Inside the Oracle Database Cloud Service

Guest Author

One of the biggest announcements at Oracle OpenWorld 2011
was the introduction of the Oracle Public Cloud. The Oracle Public Cloud includes a number of
different components, including applications, such as Fusion Apps, and platform
services, including a Java Cloud Service and a Database Cloud Service. The components of the Oracle Public Cloud share
some characteristics – simple pricing, rapid provisioning, and universal access
in the Cloud.

The Oracle Database Service gives you a slice of an Oracle
Database 11g Release 2. You can store
data in the database and access it through the three basic components. The first component is the ability to create
RESTful Web services to access data in your Database Service. A RESTful Web service uses a URL to interact
with data – all the basic data services, such as SELECT, INSERT, UPDATE or
DELETE. The URL points to either an SQL
statement or a PL/SQL anonymous block, so the full power of the Oracle Database
is completely available to you through RESTful Web services. The Database Cloud Service includes a RESTful
Web service wizard which makes it very easy to define your Web service. You can even include automatic links to
detail records with a simple format selection.

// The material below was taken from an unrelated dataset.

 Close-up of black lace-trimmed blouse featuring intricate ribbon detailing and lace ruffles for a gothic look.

By default, a RESTful Web service returns data in JSON
format, but you can format the return any way you like if you choose to use
PL/SQL to produce the results.

RESTful Web services give you stateless access to data in
your Database Cloud Service, but that’s just the beginning. Each Database Cloud Service includes a
complete Application Express (APEX) development and deployment environment. APEX has been a part of the Oracle
environment for more than 7 years, with more than 150,000 developers. All the power of APEX version 4.1 is part of
the Database Cloud Service – including wizards, interactive reports, websheets
and far too many features to list. You
know it, you love it, you can’t live without it – APEX gives you the power of
productivity in the Oracle Public Cloud.

The rapid application development capabilities of APEX open
up a whole new way to develop applications, which I refer to as interactive
development. With APEX, you can quickly
create an application, usually in a few days. Once you get your working version done, you can work with your end users
to refine the look, feel and functionality of the application. With instant deployment, you can even do many
modifications in real time, leading to a finished product that is qualitatively
better at addressing the needs of your user community.

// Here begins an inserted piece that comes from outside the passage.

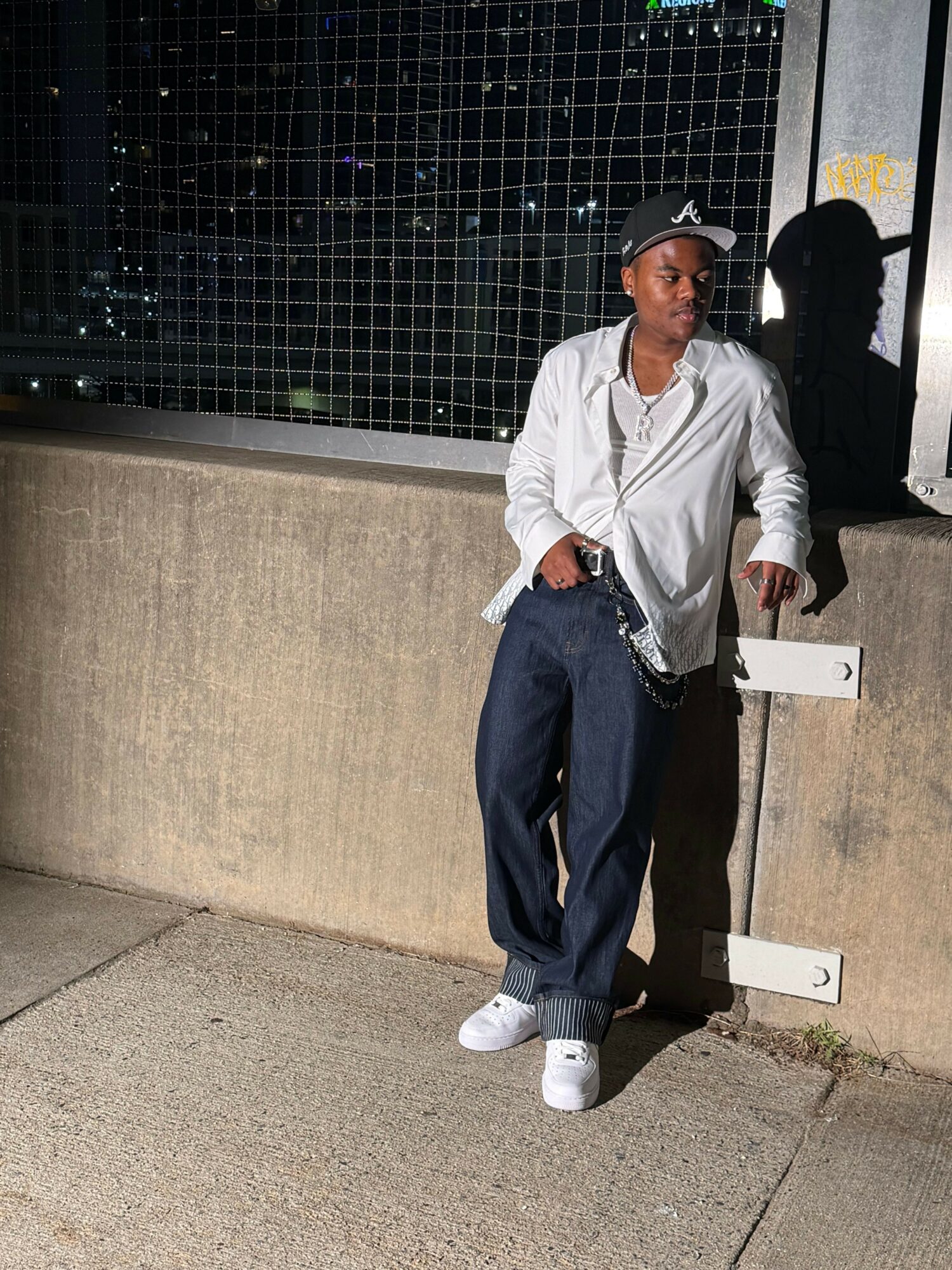 Man standing outdoors near a concrete wall, wearing a white shirt, dark pants, and a cap, with a fence in the background.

The final piece of the Database Cloud Service is composed of
a set of business productivity applications. These applications will be available for all Database Cloud Service
customers to install with just a few clicks. You will be able to do things like track events on a shared calendar or
manage projects, all in the cloud. In
addition, third party vendors will be creating a broad range of additional
applications to install and run.

The Database Cloud Service includes some utilities to help
with activities like moving data in and out of your Oracle Database Cloud
Service with Data Pump. A version of SQL
Developer comes with the service to provide a client-based management tool to
supplement the utilities in APEX.

There’s a lot to be excited about – a whole new platform in
the cloud. If you are interested in
learning more about the Oracle Database Cloud Service, sign up at
cloud.oracle.com to receive updates on the upcoming availability of the
Service.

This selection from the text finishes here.